關母不聲不響垂下頭,想到過去的決絕心生悔恨,不住用巾帕拭去眼淚。

“他還好嗎?”韓實問,關母搖了搖頭。

關母帶著韓實去到關曉的臥室,推開門見關曉一動不動面朝著窗外,渾然不覺身後的動靜。

“每天都要這樣坐著,不知在看什麽。”關母哽咽地說,“勸阻他,可是他像沒聽見一樣,也不答話。”

韓實皺起眉,關曉的情況,似乎比自己料想的還糟。

“我的兒子他,”關母絕望地喃喃著,“還有救嗎?”

“姐,你讓我,單獨和侄子呆一會兒吧。”韓實說著,關母退出房間關上了門。

韓實輕輕走過去,坐在了關曉身邊。

他看著大侄子的側顏,這個曾經驕傲又自負的男孩,如今周身散發著沈穩與冷漠的氣息。眼睛透過窗直視出去,瞳孔渙散沒有對焦,仿佛陷入了深遠的回憶當中。

韓實嘆口氣,這房間內巨大的壓抑感讓他有些無所適從。“關曉,舅舅來看你了。”

等了許久沒有回應。

韓實繼續說道:“悶了這麽久,想不想出去透透氣?Q城到這個季節又是一片冰天雪地,不是太適宜的溫度,但是風景依然很美。”聽到Q城,關曉手指突然痙攣了一下,“而且,和原先的同事們見面敘舊,興許心情能夠好一些,你覺得呢?”

他不再做聲,耐心等待關曉的反應。

這個為抑郁自閉所深深困擾的大男孩輕輕搖了搖頭,可最終還是點點頭。

韓實覺得有希望,留下字條在關曉手中:“昌荷這孩子知道你我有親戚,這幾年,偶爾會來問問你的近況,我把她現在的聯系方式給你,如果想回去看看,就告訴她吧。”

關曉捏緊了字條,像溺水的人終於得到救命的稻草。

他站起身,沖房門奔跑過去,有些迫不及待,可是究竟在迫不及待些什麽,連他自己,也沒有弄清楚。

開了門,看到昌荷笑嘻嘻的一張臉。

“久等了吧!我給你帶了早餐哦~”她舉起手裏的袋子晃了晃,突然咳嗽起來,“你妹!把煙掐了!嗆死我了!”

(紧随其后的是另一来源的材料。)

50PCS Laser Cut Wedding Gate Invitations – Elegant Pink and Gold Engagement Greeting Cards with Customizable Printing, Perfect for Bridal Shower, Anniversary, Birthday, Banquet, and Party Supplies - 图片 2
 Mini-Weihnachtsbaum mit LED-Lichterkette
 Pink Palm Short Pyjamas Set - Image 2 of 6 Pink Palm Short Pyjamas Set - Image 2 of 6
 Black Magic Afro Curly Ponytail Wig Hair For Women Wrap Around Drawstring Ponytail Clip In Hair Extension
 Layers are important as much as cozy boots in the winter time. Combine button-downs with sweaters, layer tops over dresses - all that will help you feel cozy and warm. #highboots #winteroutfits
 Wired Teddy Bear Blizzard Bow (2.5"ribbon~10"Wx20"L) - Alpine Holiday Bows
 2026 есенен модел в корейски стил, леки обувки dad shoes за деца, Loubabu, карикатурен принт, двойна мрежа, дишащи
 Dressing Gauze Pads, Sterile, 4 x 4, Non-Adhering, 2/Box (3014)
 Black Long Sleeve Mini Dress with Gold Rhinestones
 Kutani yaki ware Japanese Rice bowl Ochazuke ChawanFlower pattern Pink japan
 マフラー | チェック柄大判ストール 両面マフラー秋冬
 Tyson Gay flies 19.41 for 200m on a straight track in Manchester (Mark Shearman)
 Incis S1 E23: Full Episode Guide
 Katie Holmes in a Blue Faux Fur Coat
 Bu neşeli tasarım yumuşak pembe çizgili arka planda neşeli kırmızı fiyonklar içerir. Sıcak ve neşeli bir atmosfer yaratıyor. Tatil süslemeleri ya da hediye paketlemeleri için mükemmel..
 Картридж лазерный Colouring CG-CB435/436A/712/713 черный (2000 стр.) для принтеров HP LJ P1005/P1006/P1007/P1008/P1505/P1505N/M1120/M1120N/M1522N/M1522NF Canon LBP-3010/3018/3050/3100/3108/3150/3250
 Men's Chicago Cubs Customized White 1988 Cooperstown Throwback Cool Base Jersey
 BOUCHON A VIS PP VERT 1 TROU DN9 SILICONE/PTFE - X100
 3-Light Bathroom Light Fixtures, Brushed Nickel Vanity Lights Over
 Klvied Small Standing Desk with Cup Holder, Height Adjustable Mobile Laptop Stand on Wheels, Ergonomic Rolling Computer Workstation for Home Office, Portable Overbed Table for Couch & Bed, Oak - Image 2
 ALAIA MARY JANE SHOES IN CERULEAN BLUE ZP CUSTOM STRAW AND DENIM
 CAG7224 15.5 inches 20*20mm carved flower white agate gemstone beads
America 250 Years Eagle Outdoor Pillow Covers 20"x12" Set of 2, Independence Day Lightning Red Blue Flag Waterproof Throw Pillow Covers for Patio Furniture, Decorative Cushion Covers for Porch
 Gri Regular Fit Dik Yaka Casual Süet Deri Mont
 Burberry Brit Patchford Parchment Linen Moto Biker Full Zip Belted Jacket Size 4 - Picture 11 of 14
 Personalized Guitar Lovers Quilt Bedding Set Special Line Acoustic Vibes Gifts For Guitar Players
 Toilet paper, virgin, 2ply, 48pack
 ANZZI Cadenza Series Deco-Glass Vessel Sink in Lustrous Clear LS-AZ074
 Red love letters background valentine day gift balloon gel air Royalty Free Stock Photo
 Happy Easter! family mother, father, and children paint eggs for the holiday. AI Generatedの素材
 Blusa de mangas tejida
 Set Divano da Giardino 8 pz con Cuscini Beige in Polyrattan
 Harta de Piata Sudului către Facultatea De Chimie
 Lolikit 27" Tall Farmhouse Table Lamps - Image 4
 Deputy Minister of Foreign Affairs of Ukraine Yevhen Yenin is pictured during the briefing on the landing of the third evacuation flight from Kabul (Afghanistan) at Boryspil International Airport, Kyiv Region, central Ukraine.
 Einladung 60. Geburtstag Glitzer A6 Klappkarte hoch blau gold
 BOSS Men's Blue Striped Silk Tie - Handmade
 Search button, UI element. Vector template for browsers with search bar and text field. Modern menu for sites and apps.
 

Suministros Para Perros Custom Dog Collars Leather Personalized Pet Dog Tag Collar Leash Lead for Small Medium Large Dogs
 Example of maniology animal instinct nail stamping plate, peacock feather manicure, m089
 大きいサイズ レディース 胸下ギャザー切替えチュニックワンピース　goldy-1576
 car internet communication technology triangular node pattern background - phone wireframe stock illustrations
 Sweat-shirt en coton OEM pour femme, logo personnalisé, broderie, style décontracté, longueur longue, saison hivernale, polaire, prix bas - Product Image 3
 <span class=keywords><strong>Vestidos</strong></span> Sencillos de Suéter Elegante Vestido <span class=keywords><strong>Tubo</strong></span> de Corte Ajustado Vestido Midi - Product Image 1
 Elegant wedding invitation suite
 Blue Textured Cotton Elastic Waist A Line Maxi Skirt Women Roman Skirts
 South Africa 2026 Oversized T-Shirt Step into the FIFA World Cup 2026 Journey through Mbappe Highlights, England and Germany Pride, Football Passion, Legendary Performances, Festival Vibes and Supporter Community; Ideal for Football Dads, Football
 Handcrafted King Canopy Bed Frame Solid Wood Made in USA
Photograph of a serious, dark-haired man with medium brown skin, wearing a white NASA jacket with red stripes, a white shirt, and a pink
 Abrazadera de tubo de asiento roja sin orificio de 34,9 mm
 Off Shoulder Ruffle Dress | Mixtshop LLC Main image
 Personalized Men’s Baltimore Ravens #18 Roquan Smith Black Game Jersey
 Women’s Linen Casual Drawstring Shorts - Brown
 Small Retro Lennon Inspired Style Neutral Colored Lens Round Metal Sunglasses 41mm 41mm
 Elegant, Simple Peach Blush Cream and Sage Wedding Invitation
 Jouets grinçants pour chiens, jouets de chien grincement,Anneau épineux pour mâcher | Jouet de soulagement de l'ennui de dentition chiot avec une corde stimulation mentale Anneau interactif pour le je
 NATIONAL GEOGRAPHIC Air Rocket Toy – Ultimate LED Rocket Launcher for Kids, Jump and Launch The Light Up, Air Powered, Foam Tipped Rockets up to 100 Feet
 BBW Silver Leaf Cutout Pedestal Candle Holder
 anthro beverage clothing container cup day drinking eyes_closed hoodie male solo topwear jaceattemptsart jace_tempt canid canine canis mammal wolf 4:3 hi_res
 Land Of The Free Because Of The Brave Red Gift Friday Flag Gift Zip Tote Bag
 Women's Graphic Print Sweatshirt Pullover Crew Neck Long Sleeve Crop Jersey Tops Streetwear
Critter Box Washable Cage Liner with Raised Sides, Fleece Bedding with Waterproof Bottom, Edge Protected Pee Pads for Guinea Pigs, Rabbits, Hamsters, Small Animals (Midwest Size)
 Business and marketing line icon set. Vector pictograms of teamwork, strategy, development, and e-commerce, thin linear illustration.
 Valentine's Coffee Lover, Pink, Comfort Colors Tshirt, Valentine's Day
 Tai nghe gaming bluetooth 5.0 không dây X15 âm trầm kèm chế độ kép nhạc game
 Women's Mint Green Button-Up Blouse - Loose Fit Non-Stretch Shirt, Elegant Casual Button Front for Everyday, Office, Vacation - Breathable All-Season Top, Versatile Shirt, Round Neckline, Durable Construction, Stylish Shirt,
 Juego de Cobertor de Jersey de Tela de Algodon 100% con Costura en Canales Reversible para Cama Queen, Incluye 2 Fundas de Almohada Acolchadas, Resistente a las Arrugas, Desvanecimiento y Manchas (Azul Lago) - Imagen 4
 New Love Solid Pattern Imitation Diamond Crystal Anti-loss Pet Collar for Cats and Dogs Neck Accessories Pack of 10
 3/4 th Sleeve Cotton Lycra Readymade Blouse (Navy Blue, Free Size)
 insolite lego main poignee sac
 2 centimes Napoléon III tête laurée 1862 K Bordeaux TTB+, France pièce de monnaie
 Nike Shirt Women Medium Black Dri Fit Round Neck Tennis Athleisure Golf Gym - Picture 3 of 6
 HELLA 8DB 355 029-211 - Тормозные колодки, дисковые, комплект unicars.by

“幹嘛啊,什麽時候慣的毛病,”關曉抱怨著,回身把煙摁滅在旅館桌上的煙灰缸裏,“我記得你以前不討厭煙味的吧。”

“以前是以前,現在是現在,人都是會變的不知道嗎?你之前不是也不抽煙的嗎?”昌荷跟著進了屋,放下早餐搓著自己冰涼通紅的手,“凍死了凍死了零下十多度今天,你這裝扮,”她鄙夷地看了關曉一眼,“祈禱老天對你好一點吧。”

離開旅館,昌荷先帶著關曉跑去商場買了羽絨服,套得臃腫,但總算不再冷得發抖了。

太陽光透過鉛灰色的雲層灑下來,並沒有暖意。或許這場雪尚未降臨得完全,只是做個序章來打了頭陣吧。

關曉把臉埋進領子裏,多少蓄積些熱量。

昌荷在路邊停了車,看馮馮和田歌從馬路對面奔過來會合。

舊友重逢,有太多的話要說,卻又不知從哪裏開始。

路過舅舅的公司,看保安指揮著車輛井然有序開進地下停車場,樓宇後面隱約露出吊車的邊緣,據說要起棟新樓,原來已經提上了日程。不多時見到那個夏日傍晚夾帶徐徐涼風記憶的公園,天氣寒冷,為了保護管道已經排空了噴泉的積水,人煙稀少,空曠而寂寥。

關曉見昌荷開車的方向,心知是在一路朝著海邊行進。多年不見的浩瀚景象,倒也真的想念萬分。

昌荷有一搭沒一搭地絮叨,向關曉介紹著四年間大家的近況。馮馮和一個在銀行工作的男子結了婚,那男子儒雅文靜,有著濃郁的書卷氣,藏在大框架眼鏡後面的雙眸清明而澄澈,讀書人模樣,平日喜好揮毫潑墨,看墨水在宣紙上暈染開,頗有大家風範。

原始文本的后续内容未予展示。